These are yarn parameters which controls the maximum and
minimum conatiner sizes which yarn can allocate to containers:
YARN PARAMETERS:
---->
yarn.scheduler.minimum-allocation-mb - The minimum allocation for every
container request at the RM, in MBs. Memory requests lower than this won't take
effect, and the specified value will get allocated at minimum.
---->
yarn.scheduler.maximum-allocation-mb - The maximum allocation for every
container request at the RM, in MBs. Memory requests higher than this won't
take effect, and will get capped to this value.
MAPREDUCE PARAMETERS:
Client side parameters which job requests. We can override
this.
mapreduce.map.memory.mb - Map container size
mapreduce.map.reduce.mb
- Reducer container size
Note : If we request memory > yarn max allocation limit, Job
will fail as yarn will report it can not allocate that much memory.
Below given are few examples:
----------------------------------------------------------------------------------------------------------------------------------------------------------------
Example: (Following will fail)
+=============================+
Server side:
yarn.scheduler.minimum-allocation-mb=1024
yarn.scheduler.maximum-allocation-mb=8196
Client size:
mapreduce.map.memory.mb=10240
----------------------------------------------------------------------------------------------------------------------------------------------------------------
Another example: (Following will work):
+=============================+
Server side:
yarn.scheduler.minimum-allocation-mb=1024
yarn.scheduler.maximum-allocation-mb=8196
Client size:
mapreduce.map.memory.mb=800
In this case mapper will get 1024 (Minimum conatiner size)

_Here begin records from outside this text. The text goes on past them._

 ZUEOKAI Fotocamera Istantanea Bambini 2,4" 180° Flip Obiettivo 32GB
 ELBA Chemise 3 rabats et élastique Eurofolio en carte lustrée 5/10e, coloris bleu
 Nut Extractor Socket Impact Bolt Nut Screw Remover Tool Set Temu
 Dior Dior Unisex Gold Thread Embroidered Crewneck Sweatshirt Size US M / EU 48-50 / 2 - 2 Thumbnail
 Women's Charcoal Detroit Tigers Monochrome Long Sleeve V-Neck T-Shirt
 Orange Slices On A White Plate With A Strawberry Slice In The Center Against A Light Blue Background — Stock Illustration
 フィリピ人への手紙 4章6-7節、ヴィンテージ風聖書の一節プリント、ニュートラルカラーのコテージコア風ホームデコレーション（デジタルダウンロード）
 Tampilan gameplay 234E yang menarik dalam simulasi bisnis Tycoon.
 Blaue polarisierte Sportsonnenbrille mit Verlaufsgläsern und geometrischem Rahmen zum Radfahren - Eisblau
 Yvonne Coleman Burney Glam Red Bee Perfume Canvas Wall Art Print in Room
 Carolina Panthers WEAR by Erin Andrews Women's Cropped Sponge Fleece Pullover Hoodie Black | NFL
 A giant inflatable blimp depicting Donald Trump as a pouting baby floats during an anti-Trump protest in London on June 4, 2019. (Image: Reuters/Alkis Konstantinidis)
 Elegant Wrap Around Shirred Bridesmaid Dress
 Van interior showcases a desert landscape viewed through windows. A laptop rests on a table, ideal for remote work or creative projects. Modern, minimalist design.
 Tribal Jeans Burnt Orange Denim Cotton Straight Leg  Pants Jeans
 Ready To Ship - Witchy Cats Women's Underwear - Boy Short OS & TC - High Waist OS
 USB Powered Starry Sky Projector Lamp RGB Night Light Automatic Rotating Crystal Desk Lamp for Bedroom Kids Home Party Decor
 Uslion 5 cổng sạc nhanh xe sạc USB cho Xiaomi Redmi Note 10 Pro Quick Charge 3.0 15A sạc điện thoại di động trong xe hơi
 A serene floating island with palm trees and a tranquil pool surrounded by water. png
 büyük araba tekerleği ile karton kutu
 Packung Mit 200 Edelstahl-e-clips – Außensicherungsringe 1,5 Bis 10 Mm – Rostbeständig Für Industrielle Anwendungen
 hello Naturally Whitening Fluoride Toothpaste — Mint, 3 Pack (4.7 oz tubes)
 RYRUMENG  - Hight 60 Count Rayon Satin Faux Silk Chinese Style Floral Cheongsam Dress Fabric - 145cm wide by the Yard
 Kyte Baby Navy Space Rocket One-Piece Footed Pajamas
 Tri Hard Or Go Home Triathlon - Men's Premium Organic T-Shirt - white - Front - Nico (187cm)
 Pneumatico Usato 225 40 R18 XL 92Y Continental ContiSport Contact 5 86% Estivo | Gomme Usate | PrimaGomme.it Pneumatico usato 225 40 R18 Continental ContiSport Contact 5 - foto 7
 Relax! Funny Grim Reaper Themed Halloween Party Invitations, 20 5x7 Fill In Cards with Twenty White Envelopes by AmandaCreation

----------------------------------------------------------------------------------------------------------------------------------------------------------------
Another example: (Following will work):
+=============================+
Server side:
yarn.scheduler.minimum-allocation-mb=1024
yarn.scheduler.maximum-allocation-mb=8196
Client size:
mapreduce.map.memory.mb=1800
In this case mapper will get 2048
Note: Single job can use single/multiple containers depending upon size of input data, split size and nature of data.